200 years ago, Keats saw Edmund Kean playing Richard III

On Monday 15 December 1817, Keats saw Edmund Kean perform as Richard III at Drury Lane, which he reviewed for The Champion:


“Mr. Kean

“‘In our unimaginative days,’ — Habeas Corpus’d as we are, out of all wonder, uncertainty and fear; — in these fireside, delicate, gilded days, — these days of sickly safety and comfort, we feel very grateful to Mr Kean for giving us some excitement by his old passion in one of the old plays. He is a relict of romance; — a Posthumous ray of chivalry, and always seems just arrived from the camp of Charlemagne. In Richard he is his sword’s dear cousin; in Hamlet his footing is germain to the platform.
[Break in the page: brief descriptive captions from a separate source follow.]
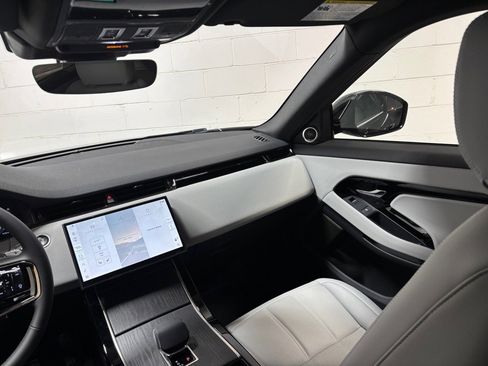 New 2026 Land Rover Range Rover Evoque S image 36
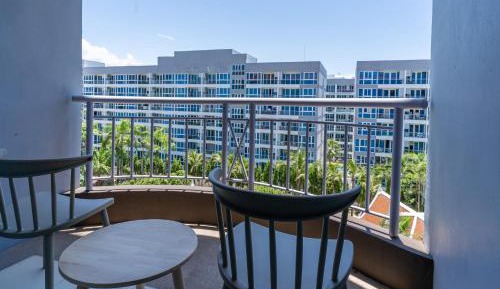 Deluxe Twin Room with Balcony and Pool View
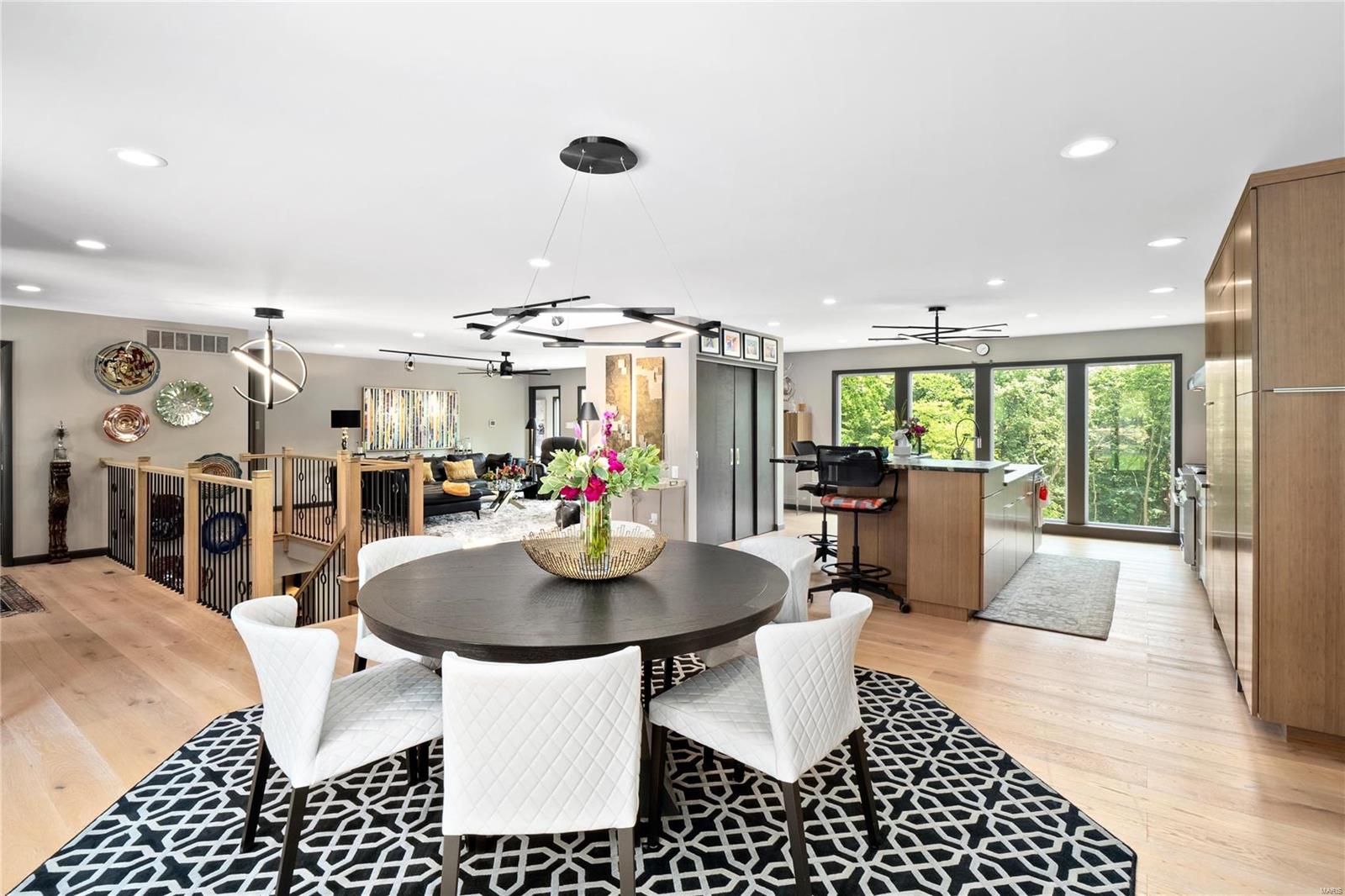 12234 Robyn Road St. Louis, MO 63127 - Photo 5 of 42 Gallery Image 5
In Macbeth his eye laughs siege to scorn; in Othello he is welcome to Cyprus. In Timon he is of the palace — of Athens — of the woods, and is worthy to sleep in a grave ‘which once a day with its embossed froth, the turbulent surge doth cover.’ For all these was he greeted with enthusiasm on his re-appearance in Richard; for all these, his sickness will ever be a public misfortune. His return was full of power. He is not the man to ‘bate a jot.’ On Thursday evening, he acted Luke in Riches, as far as the stage will admit, to perfection. In the hypocritical self-possession, in the caution, and afterwards the pride, cruelty and avarice, Luke appears to us a man incapable of imagining to the extreme heinousness of crimes. To him, they are mere magic-lantern horrors. He is at no trouble to deaden his conscience…

“Kean! Kean! Have a carefulness of thy health, an in-nursed respect for thy own genius, a pity for us in these cold and enfeebling times! Cheer us a little in the failure of our days! For romance lives but in books. The goblin is driven from the heath, and the rainbow is robbed of its mystery!”

John Keats: extracts from a review published in The Champion 21 December 1817 (he told his brothers ‘I undertook the “Champion” [review] for Reynolds, who is at Exeter’). Edmund Kean had been absent from the stage for several weeks because of illness. Habeas Corpus had been suspended since February 1817.